Przesyłam Wam moje gg na priva :P
-
eee pod GK to chyba tłumy są, o wiele lepsze jest lodowisko przy Hali Targowej. Można tam też łyżwy wypożyczyć bo ja swoich nie mam :P a w ogóle to jestem chora więc najwcześniej to za tydzień będę mogła wyjść
-
ale Wam dobrze, że możecie sobie tak razem wyjść
ja chyba też się w końcu na łyżwy wybiorę, nawet ostatnio padła taka propozycja, ale teraz chora jestem
no i pewnie nie pójdę aż nie zdam wszystkich egzaminów mimo że nie siedzę i się nie uczę, to zawsze mam czyste (albo chociaż czystsze ) sumienie, kiedy siedzę w domu :P
cocci, mam nadzieję, że teraz szybko sobie poradzisz z tą pracą... bo z tego co piszesz, to rzeczywiście jest kiepsko a i tak sobie znakomicie radzisz! ja bym w ten sposób nie była w stanie funkcjonować (albo jak pisze Buraczek- śpiąc 45 minut :P )

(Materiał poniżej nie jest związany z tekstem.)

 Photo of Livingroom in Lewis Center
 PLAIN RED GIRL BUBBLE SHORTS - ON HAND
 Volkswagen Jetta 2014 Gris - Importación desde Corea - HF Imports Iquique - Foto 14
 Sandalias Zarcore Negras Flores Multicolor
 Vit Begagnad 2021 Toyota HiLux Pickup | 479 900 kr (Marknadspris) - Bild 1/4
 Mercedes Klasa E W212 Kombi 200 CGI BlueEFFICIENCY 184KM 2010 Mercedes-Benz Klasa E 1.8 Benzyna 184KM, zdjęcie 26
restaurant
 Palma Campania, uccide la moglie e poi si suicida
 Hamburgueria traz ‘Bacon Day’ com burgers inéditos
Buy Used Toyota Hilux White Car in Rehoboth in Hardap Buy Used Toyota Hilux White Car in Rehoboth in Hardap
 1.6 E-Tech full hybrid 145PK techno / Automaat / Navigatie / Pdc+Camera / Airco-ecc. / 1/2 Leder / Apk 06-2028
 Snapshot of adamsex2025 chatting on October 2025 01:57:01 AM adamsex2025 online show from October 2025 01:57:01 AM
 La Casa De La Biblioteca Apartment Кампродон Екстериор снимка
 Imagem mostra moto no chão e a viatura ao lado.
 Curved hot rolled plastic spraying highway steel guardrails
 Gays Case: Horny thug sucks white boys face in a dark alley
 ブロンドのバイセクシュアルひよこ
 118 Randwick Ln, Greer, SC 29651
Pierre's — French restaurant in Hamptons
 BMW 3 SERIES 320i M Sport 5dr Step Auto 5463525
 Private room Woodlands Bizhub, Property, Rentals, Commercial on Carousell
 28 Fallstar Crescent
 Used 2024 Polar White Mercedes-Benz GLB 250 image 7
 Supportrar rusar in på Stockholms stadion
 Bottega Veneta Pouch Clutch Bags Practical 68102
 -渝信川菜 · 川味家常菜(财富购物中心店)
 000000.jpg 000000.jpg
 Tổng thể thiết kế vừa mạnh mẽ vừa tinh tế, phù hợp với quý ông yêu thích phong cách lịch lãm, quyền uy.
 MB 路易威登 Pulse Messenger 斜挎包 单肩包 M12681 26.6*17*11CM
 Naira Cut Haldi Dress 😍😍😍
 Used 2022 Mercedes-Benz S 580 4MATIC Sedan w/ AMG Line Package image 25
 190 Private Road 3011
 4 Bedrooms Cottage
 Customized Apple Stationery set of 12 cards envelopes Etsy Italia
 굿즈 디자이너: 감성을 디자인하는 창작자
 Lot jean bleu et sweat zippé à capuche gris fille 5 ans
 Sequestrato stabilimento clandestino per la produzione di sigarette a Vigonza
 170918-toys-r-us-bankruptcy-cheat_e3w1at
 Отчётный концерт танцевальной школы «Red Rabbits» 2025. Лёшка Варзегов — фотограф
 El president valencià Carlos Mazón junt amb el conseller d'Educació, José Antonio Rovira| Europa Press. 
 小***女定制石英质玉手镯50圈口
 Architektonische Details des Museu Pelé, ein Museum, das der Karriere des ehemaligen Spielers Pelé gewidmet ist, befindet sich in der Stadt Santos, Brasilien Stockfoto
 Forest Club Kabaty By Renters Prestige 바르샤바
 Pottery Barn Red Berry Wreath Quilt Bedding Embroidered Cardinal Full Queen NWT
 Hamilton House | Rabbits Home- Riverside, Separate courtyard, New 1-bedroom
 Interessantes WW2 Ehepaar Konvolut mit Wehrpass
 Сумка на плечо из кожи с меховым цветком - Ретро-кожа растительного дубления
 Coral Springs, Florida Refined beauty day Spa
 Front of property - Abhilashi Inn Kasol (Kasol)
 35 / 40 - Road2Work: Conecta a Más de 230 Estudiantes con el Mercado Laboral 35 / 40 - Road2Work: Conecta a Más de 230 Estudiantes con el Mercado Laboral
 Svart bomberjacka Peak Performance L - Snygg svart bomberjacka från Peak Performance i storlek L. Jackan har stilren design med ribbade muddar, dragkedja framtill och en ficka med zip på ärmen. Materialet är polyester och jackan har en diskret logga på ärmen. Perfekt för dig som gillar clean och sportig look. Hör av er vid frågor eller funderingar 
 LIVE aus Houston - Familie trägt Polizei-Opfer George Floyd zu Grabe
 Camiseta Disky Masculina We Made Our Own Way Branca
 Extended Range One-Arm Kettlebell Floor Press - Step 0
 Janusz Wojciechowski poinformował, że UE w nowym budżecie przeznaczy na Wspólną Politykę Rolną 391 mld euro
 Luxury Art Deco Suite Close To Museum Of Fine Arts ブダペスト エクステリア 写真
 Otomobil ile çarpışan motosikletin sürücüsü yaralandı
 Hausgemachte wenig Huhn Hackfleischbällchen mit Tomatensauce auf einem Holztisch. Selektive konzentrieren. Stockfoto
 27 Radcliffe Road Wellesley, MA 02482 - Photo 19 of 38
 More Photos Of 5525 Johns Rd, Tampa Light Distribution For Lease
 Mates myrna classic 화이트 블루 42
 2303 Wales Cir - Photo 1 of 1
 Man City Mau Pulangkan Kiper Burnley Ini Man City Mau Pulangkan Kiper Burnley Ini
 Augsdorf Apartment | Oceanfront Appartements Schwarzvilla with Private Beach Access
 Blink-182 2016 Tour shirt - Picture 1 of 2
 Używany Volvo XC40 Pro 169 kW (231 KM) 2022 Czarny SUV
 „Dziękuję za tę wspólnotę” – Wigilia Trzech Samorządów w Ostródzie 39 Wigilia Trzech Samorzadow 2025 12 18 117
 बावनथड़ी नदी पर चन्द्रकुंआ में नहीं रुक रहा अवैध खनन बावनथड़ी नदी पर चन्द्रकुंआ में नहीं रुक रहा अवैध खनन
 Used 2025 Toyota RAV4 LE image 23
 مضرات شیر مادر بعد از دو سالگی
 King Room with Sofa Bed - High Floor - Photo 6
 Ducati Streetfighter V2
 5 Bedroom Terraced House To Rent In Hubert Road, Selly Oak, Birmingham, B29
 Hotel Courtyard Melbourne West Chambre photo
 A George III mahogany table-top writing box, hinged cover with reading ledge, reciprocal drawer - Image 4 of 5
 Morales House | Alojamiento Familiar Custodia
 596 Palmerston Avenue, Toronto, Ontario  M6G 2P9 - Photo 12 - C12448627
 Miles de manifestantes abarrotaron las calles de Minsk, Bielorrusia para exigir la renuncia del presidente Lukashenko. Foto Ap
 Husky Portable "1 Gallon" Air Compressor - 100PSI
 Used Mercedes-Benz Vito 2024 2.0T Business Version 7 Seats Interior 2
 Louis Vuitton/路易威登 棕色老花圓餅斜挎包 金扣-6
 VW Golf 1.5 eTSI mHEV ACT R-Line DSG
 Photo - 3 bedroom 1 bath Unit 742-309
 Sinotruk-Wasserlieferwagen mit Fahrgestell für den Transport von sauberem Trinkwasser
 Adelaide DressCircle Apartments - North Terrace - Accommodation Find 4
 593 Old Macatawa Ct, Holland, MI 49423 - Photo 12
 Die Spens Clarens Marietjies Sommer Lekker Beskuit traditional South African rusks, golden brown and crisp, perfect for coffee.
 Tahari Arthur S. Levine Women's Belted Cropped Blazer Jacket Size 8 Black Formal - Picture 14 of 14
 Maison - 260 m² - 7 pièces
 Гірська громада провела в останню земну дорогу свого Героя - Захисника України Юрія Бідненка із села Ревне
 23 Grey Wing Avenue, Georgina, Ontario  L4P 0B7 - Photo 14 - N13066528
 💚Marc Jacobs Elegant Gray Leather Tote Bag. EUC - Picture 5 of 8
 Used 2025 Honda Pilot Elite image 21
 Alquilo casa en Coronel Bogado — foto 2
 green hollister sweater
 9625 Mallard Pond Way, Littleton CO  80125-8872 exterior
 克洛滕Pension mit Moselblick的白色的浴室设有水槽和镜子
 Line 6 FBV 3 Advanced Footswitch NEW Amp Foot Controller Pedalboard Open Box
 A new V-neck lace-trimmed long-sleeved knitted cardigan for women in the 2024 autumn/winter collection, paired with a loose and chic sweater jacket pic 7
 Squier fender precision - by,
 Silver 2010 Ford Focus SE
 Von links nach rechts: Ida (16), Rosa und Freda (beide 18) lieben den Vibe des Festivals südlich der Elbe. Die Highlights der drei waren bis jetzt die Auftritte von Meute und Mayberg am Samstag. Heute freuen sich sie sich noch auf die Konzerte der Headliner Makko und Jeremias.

ja muszę się solidnie wyspać, bo inaczej mam dzień do tyłu
a ostatnimi czasy to nawet codziennie śpię popołudniu ale to chyba kwestia tego przeziębienia, co mnie męczy :P
uciekam już i życzę miłego wieczoru i weekendu
-
Agassku no to może wsiądziesz w pociąg i...przyjedziesz żeby pójść z Nami na te łyżwy? hehe... a tak wogóle... widziałaś, że marlenka85 wróciła? A jesli chodzi o moje spanie... po rozstaniu z K. mój system całkiem się zmienił... duzo imprez... wszytsko byle nie myśleć za dużo... no i tak... chodze spać w okoliccah 3, 4... najwcześniej o 2 kiedy nigdzie nie wychodzimy... rano jetsem nie wyspana... czasem odrabiam to w dzień, ale rzadko jest ku temu okazja... więc trwam... żyje i dalej robie zaległości w spaniu
Cocci gg dostałam mam zapisane odezwe się jutro jak wróce do krakowa bo dziś przyjechałam do domku... w związku z czym mi też odpowiada przyszła niedziela pozatym w tym tygodniu musze się wreszcie wybrac do promotora a moja praca jest ciągle w lesie... więc do czwartku będe pewnie na tym skupiona...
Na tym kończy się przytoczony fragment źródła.